PCC is short for the Presidents' Conference Committee, a group of private transit executives who dreamed up the car to replace the sluggish, boxy oldtimers that by the late 1920s were already losing out to buses and cars on American streets. The PCC, though a marvel in design (it is still being copied in modern light rail transit), couldn't compete with Americans' affection for cloverleafs and eight-cylinder cars, and by the mid-1950s batches of perfectly sound trolleys were being junked or sold off to Mexico City and Cairo.

So I received a rather heady surprise not long ago when I went out to look for the American streetcar and found the PCC alive and chugging, only a few miles from my door, in downtown Newark. Even more surprising, Newark's remaining 26 PCC cars had once belonged to Twin City Rapid Transit of St. Paul and Minneapolis, where I grew up.

They were yellow with green trim in those days, but now, as we were reunited beneath Newark's Penn Station, the car marked City Subway (for it runs partly underground on an eight-mile loop) had a white coat with red and blue stripes. I stepped through the wide accordion doors and the years fell away. The roomy aisles, soft green seats, and silver window handles hadn't changed, and when the operator sounded his bell to warn some schoolboys venturing too near the tracks, I was back on University Avenue 30 years ago.

Next stop on my great American streetcar bazaar was Philadelphia and the Southeastern Pennsylvania Transit Authority (SEPTA) ''subway-surface'' trolleys, a blend of aging PCCs and sleek new Kawasaki cars. I am glad to hear that SEPTA is renovating its PCCs to get 8 or 10 more years from them, because the No. 36 I caught in the dungeonlike 30th Street Station was in sorry condition; even its bell had a hollow clang.

And the woman driver had to jump down several times to restore the fallen trolley pole in back. I rode out Elmwood Avenue, and on the way back I took a new blue and orange Kawasaki: no wasted plush or art-deco indulgences, all hard lines and utilitarian corners. But the ride was whispery smooth, and the woman in the space-age control booth was clearly happy in her work.

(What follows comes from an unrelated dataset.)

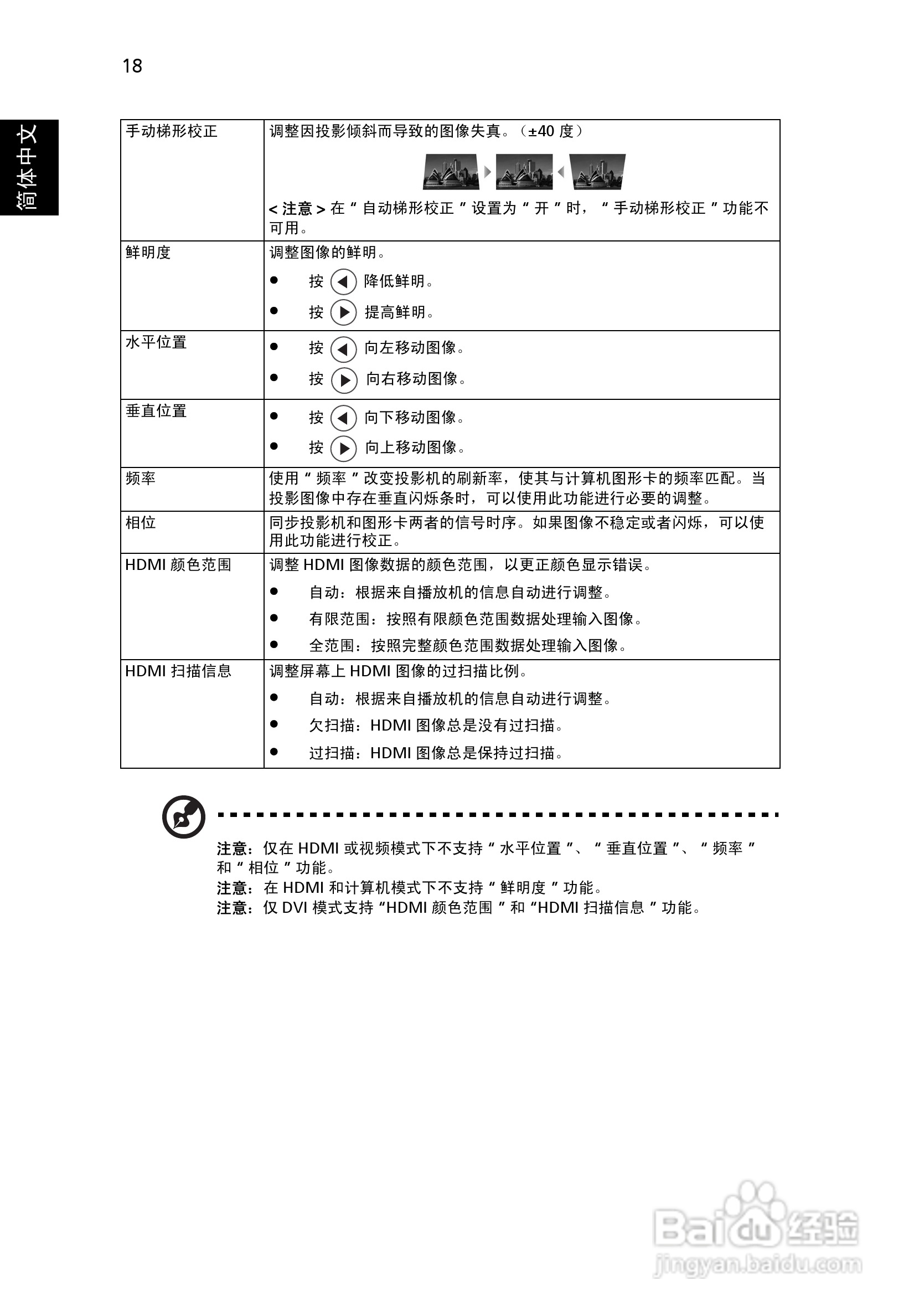 Acer K330投影机使用说明书:[3]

In Toronto that night, I luxuriated in the healthiest North American habitat of the endangered PCC. The Toronto Transit Commission operates the best public transit system on the continent, a smooth mingling of buses, trolley buses, streetcars, and subways. There are 200 PCCs still in service - Toronto's beloved ''red rockets'' - and though they are in shipshape condition, they will ultimately be replaced by the already operating Canadian light rail vehicle (CLRV) streetcars, much like Philly's Kawasaki cars.

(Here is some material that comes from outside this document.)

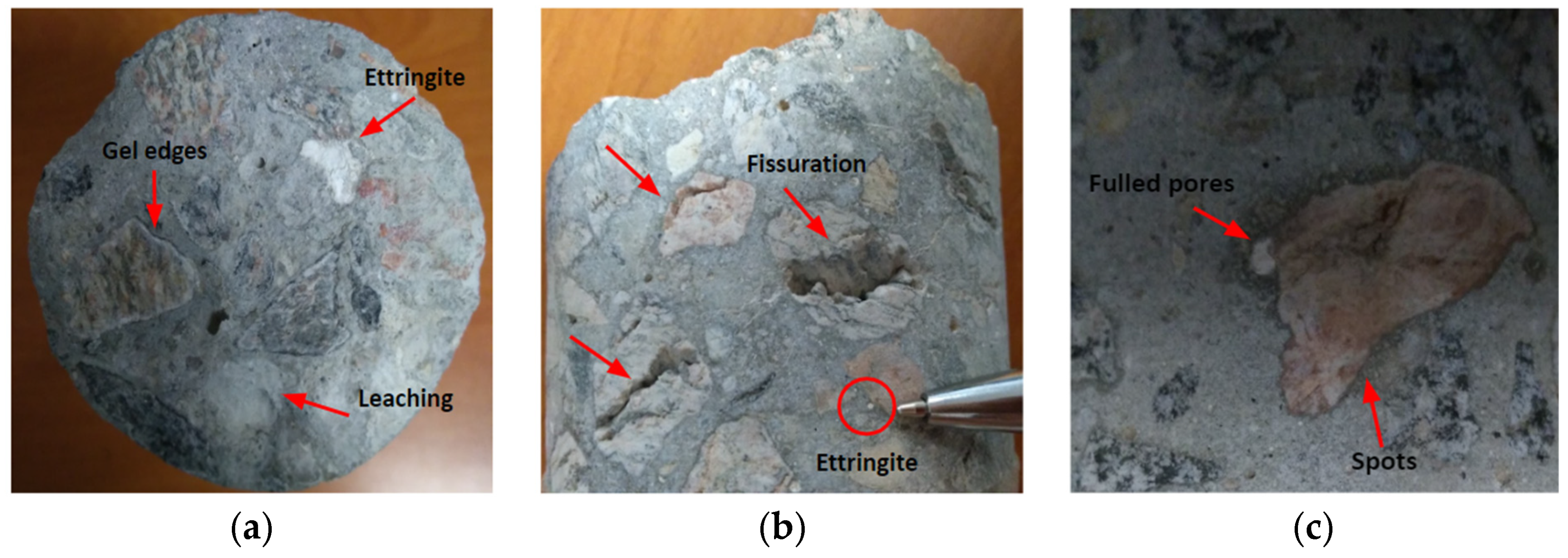 Buildings 11 00104 g003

One of Toronto's biggest PCC boosters is Charles Pachter, an artist whose lovely trolley lithographs adorn the walls of the Peter Pan restaurant. Through the plate-glass windows you can see the red rockets and the CLRVs on Queen Street day and night. ''There's such a thing as too utilitarian,'' said Pachter of the new cars. ''They lack the whooshing sound and good leather smell of the red rockets, and besides, they're noisier.''

Pittsburgh, last stop of my trolley odyssey, is also converting to new stock as it moves toward inaugurating a 1.1-mile downtown subway line in 1984, but it is maintaining, even restoring, its PCCs to peak form. Most of them are still wearing outlandish color combinations - stripes and swirls of all hues - from a previous renovation, and the best place to see this colorful parade is at Station Square, an attractive clustering of shops and restaurants around the old Pittsburgh and Lake Erie terminal. At rush hour you can watch an unending PCC stream cross the rickety Smithfield Street Bridge and disappear into Mt. Washington tunnel.

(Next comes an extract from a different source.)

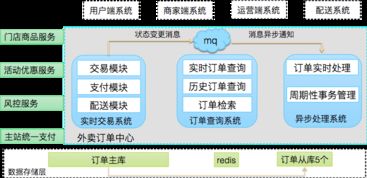 高并發(fā)外賣(mài)系統(tǒng)的演進(jìn) 數(shù)據(jù)處理與存儲(chǔ)支持服務(wù)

There are other trolley ventures afoot in the United States that are more for fun than transit. Detroit has a narrow-gauge downtown line, composed of relics from the English Midlands and Lisbon; the Baltimore Streetcar Museum offers rides near Penn Station; the Branford Electric Railway System in East Haven, Conn., takes you on a three-mile excursion into antiquity; and in Minneapolis, the Minnesota Tranportation Museum runs two ancient restored streetcars on a mile-long segment between Lake Calhoun and Lake Harriet. They are boxy, pre-PCC cars with cowcatchers and wicker seats - not much speed but, believe me, a real toot.